**Collected data**.
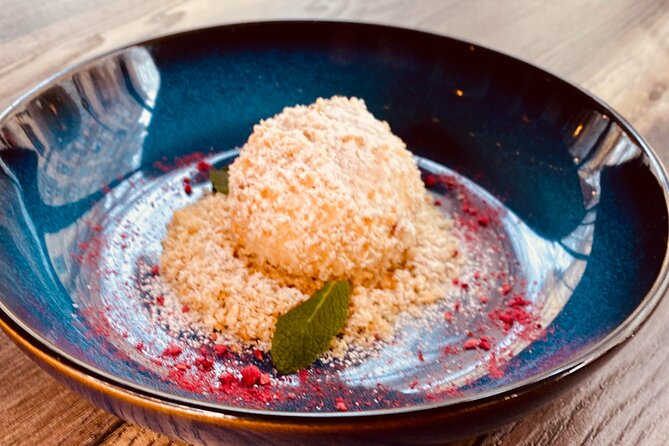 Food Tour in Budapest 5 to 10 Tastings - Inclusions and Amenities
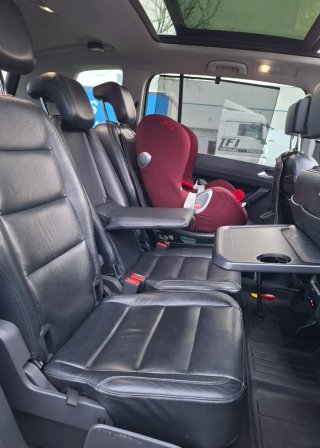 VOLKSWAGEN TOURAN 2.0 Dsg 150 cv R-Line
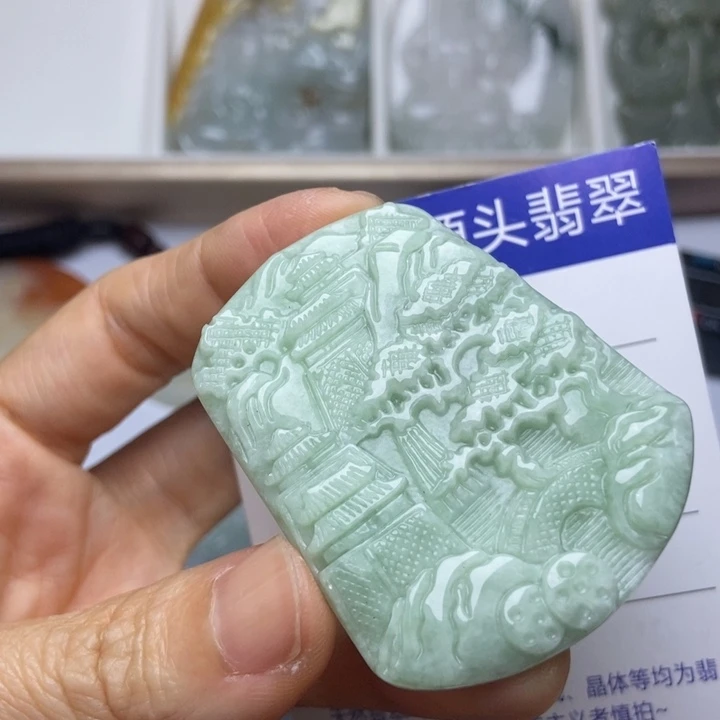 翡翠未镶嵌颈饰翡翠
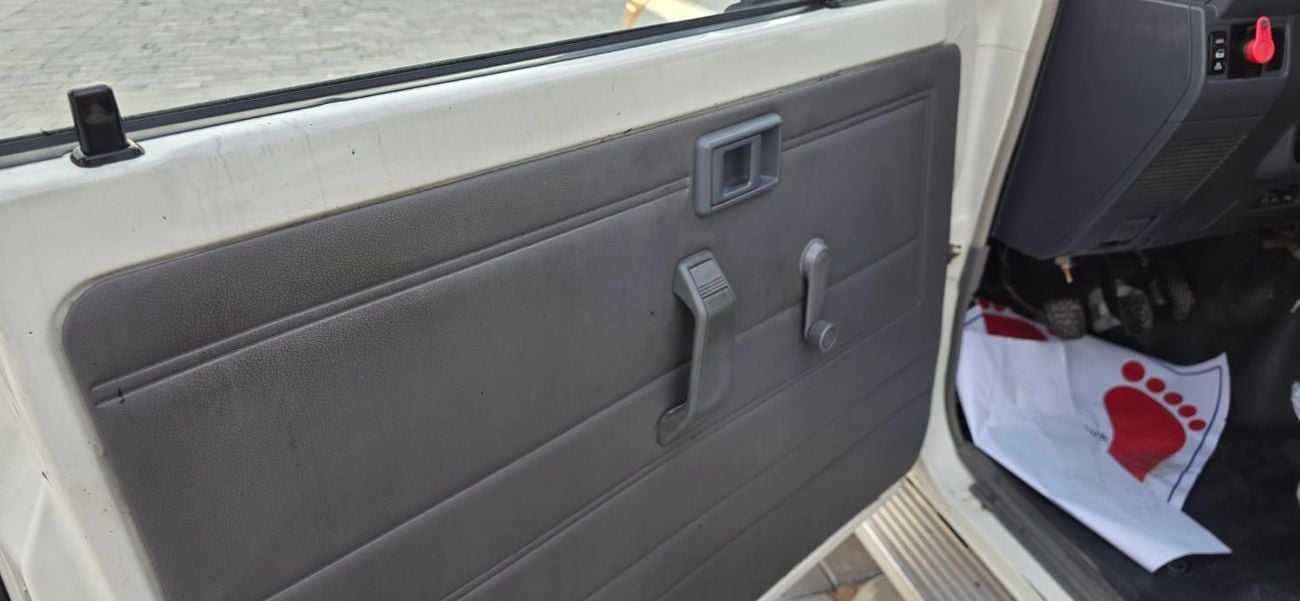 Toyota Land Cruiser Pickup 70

**Work request**. All lines of the material above should be returned unchanged, but no pictures should be included.

**Response box**.
 Food Tour in Budapest 5 to 10 Tastings - Inclusions and Amenities
 VOLKSWAGEN TOURAN 2.0 Dsg 150 cv R-Line
 翡翠未镶嵌颈饰翡翠
 Toyota Land Cruiser Pickup 70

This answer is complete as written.